# [Your instructions]
Please restate the entries verbatim. The copy should hold no pictures.

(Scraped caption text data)
>>>

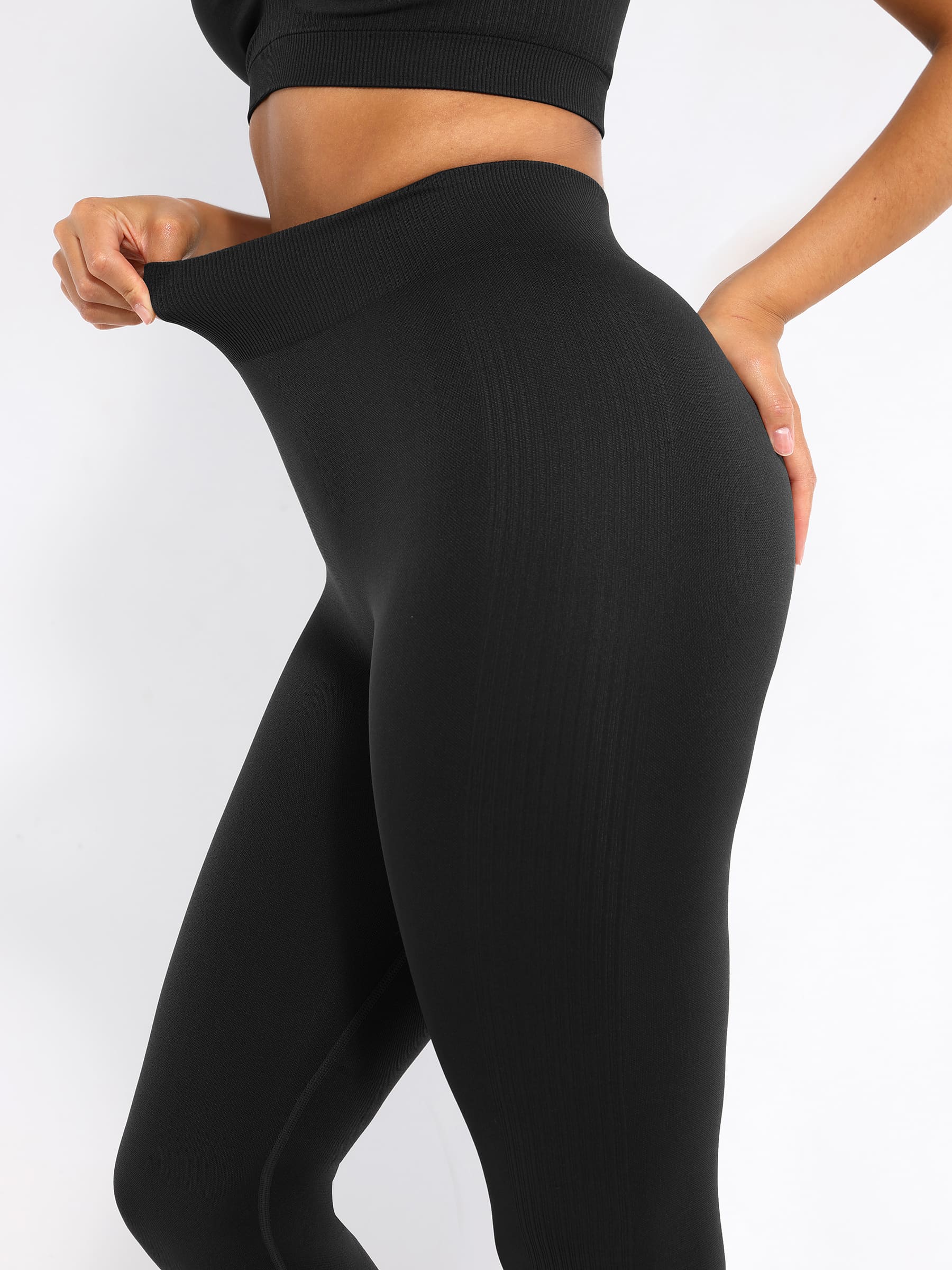 Lya wears Seamless High Waisted Yoga Leggings for Tummy Control and Leg Sculpting
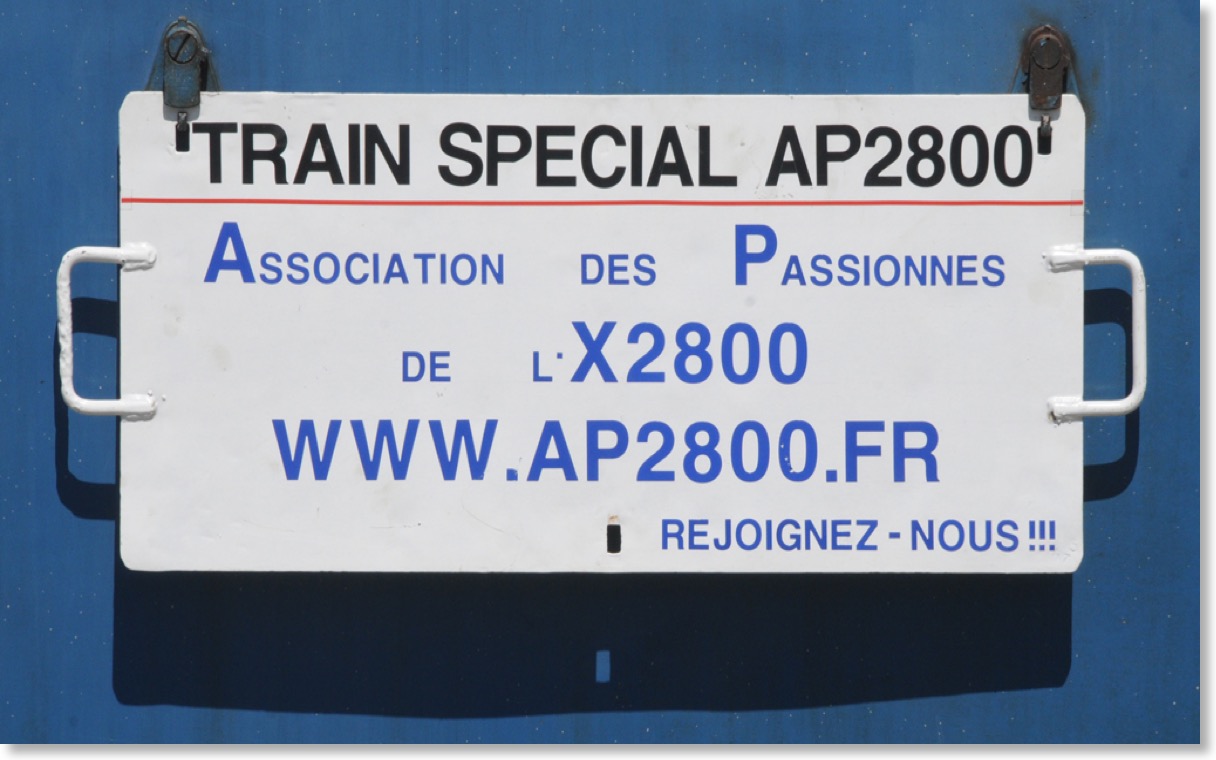 160515 071 12h04 Veynes, X2819 plaque &#39;train spécial&#39; PS1024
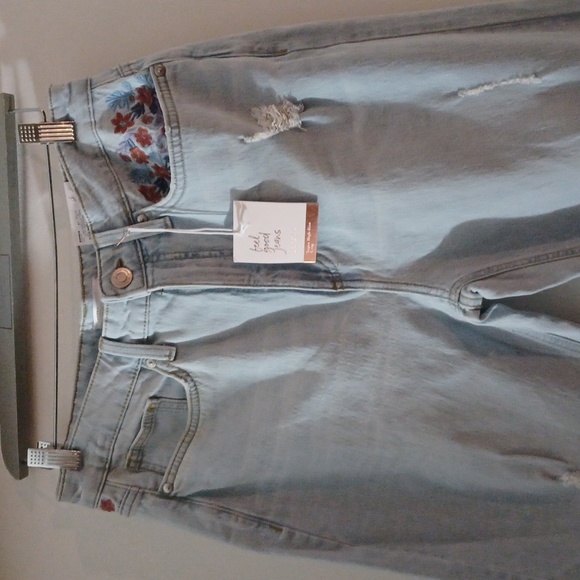 Super High Rise Crop - Picture 3 of 7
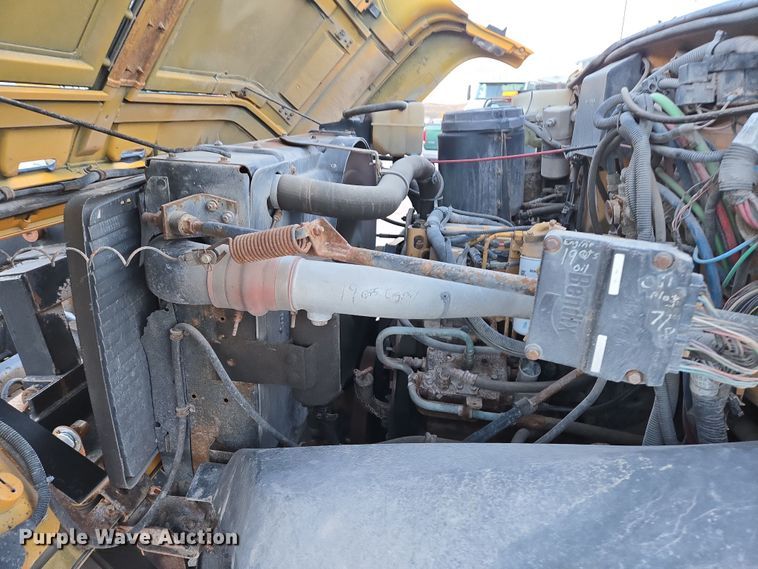 image for item ES2726 2001 GMC C8500 dump truck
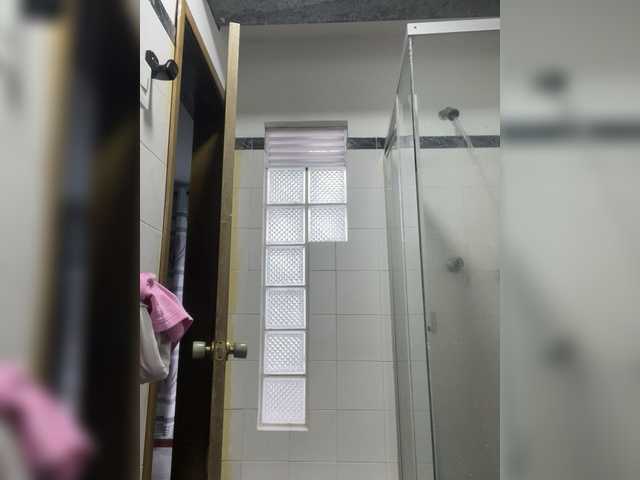 SarahYessica's BongaCams show and profile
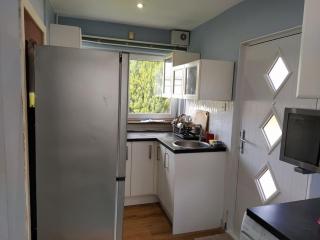 Double Ensuite room, Frequent buses, 1-minute walk to bus stop, 15 minutes to city centre - Edinburgh - 6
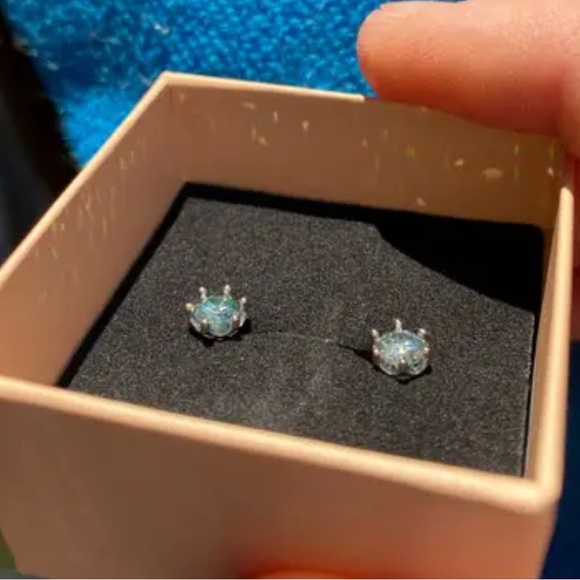 Certified 1ct t.w. Moissanite Green Filigree Basket Stud Earrings NEW - Picture 5 of 13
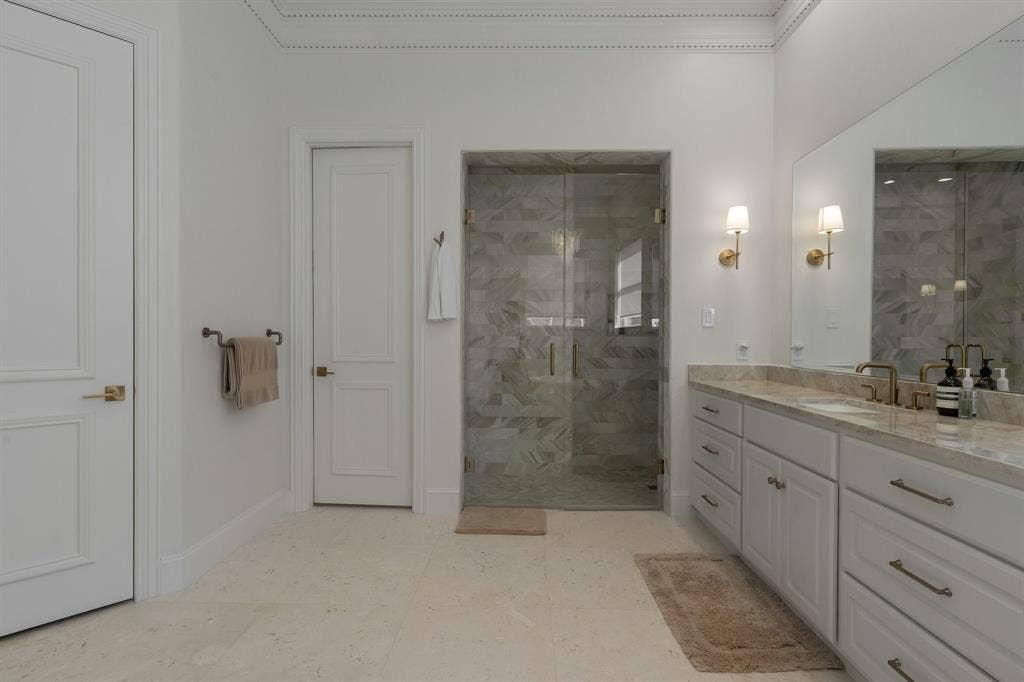 5660 Prestwick Lane, Dallas, TX 75252 5660 Prestwick Lane, Dallas, TX 75252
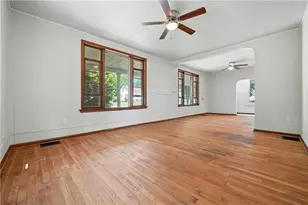 215 S Mercer St, Greenville Boro, PA 16125 - Photo 5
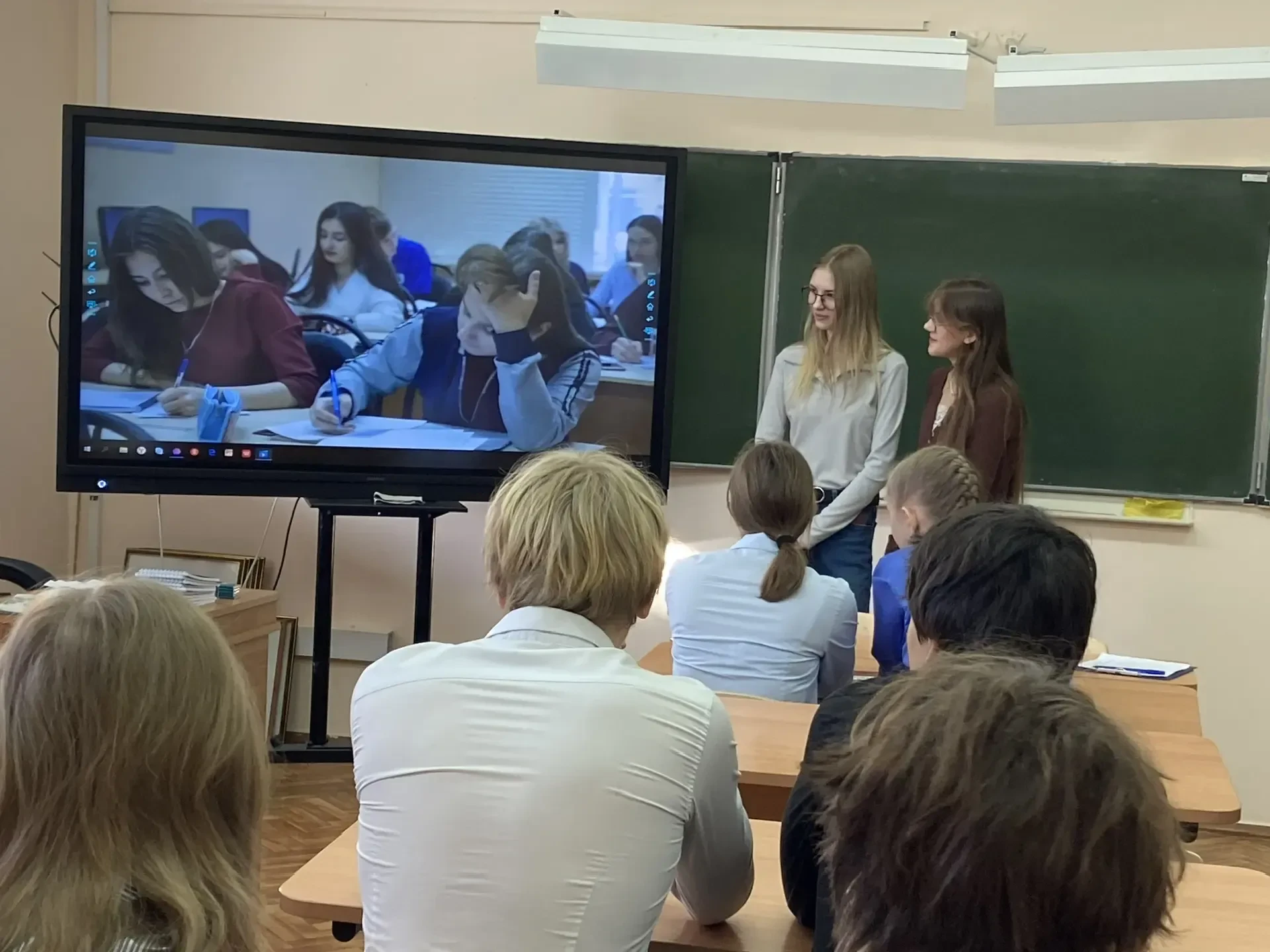 Сегодня 12 марта в 9 а классе прошло профориентационное мероприятие, встреча с представителями Сургу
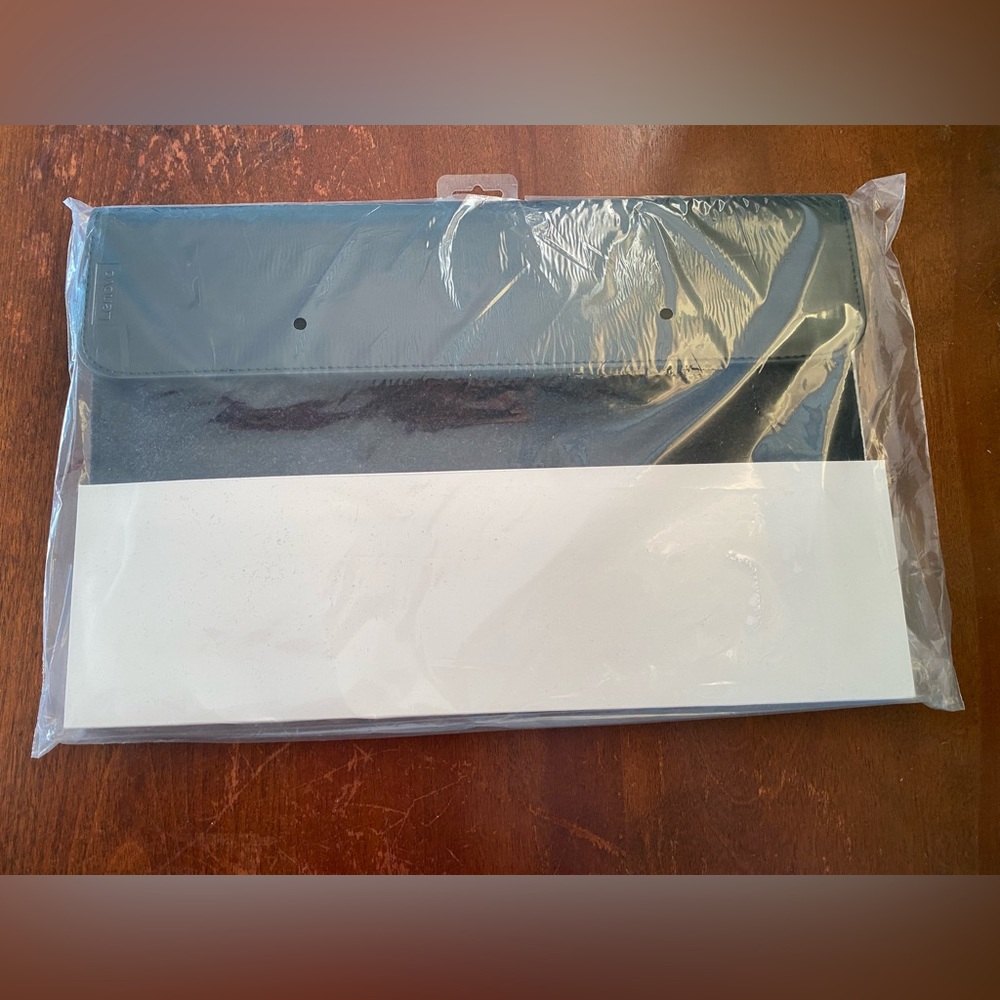 BRAND NEW Lenovo Urban Plus 14-inch Laptop Sleeve ***PRICE IS NEGOTIABLE***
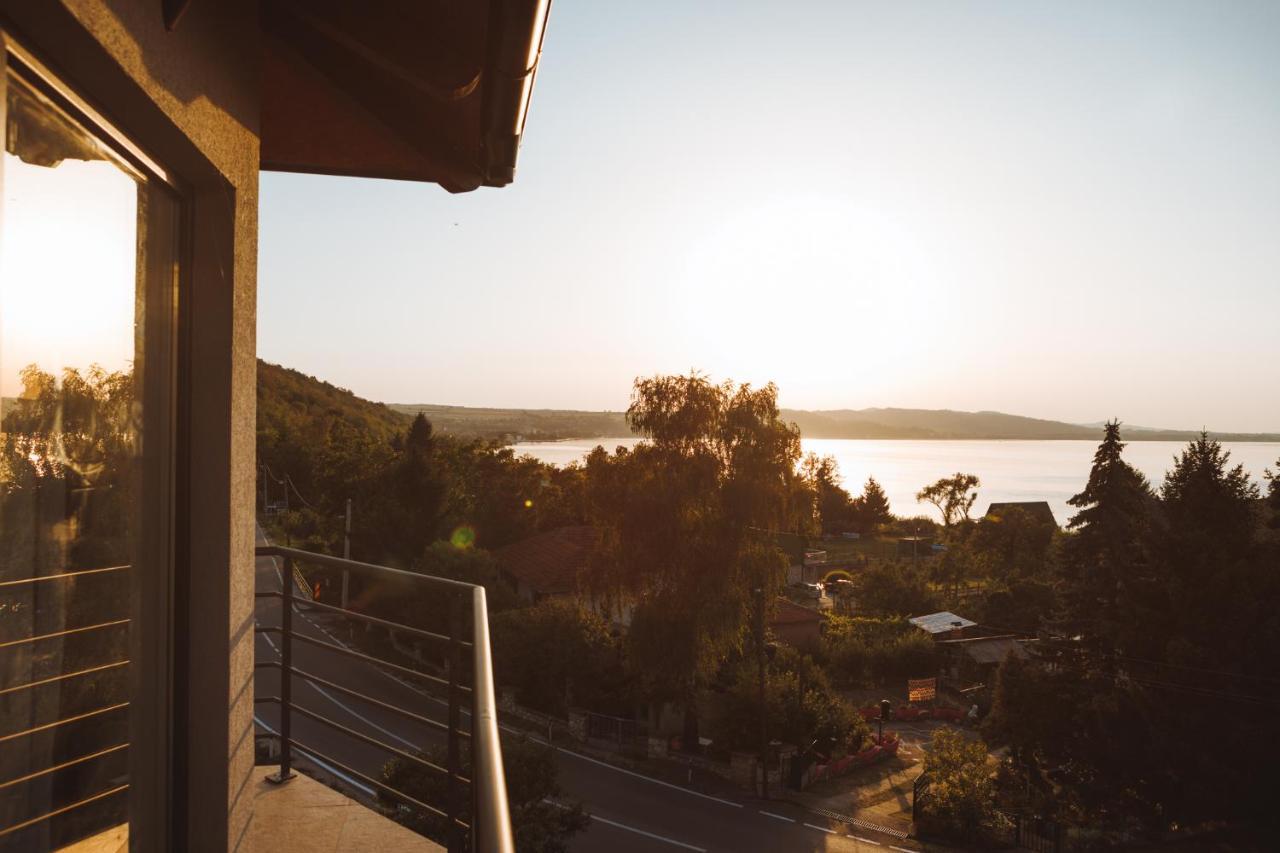 Horizont Dedine Aparthotel Golubac Exterior photo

<<<

# [Your solution]
 Lya wears Seamless High Waisted Yoga Leggings for Tummy Control and Leg Sculpting
 160515 071 12h04 Veynes, X2819 plaque &#39;train spécial&#39; PS1024
 Super High Rise Crop - Picture 3 of 7
 image for item ES2726 2001 GMC C8500 dump truck
 SarahYessica's BongaCams show and profile
 Double Ensuite room, Frequent buses, 1-minute walk to bus stop, 15 minutes to city centre - Edinburgh - 6
 Certified 1ct t.w. Moissanite Green Filigree Basket Stud Earrings NEW - Picture 5 of 13
 5660 Prestwick Lane, Dallas, TX 75252 5660 Prestwick Lane, Dallas, TX 75252
 215 S Mercer St, Greenville Boro, PA 16125 - Photo 5
 Сегодня 12 марта в 9 а классе прошло профориентационное мероприятие, встреча с представителями Сургу
 BRAND NEW Lenovo Urban Plus 14-inch Laptop Sleeve ***PRICE IS NEGOTIABLE***
 Horizont Dedine Aparthotel Golubac Exterior photo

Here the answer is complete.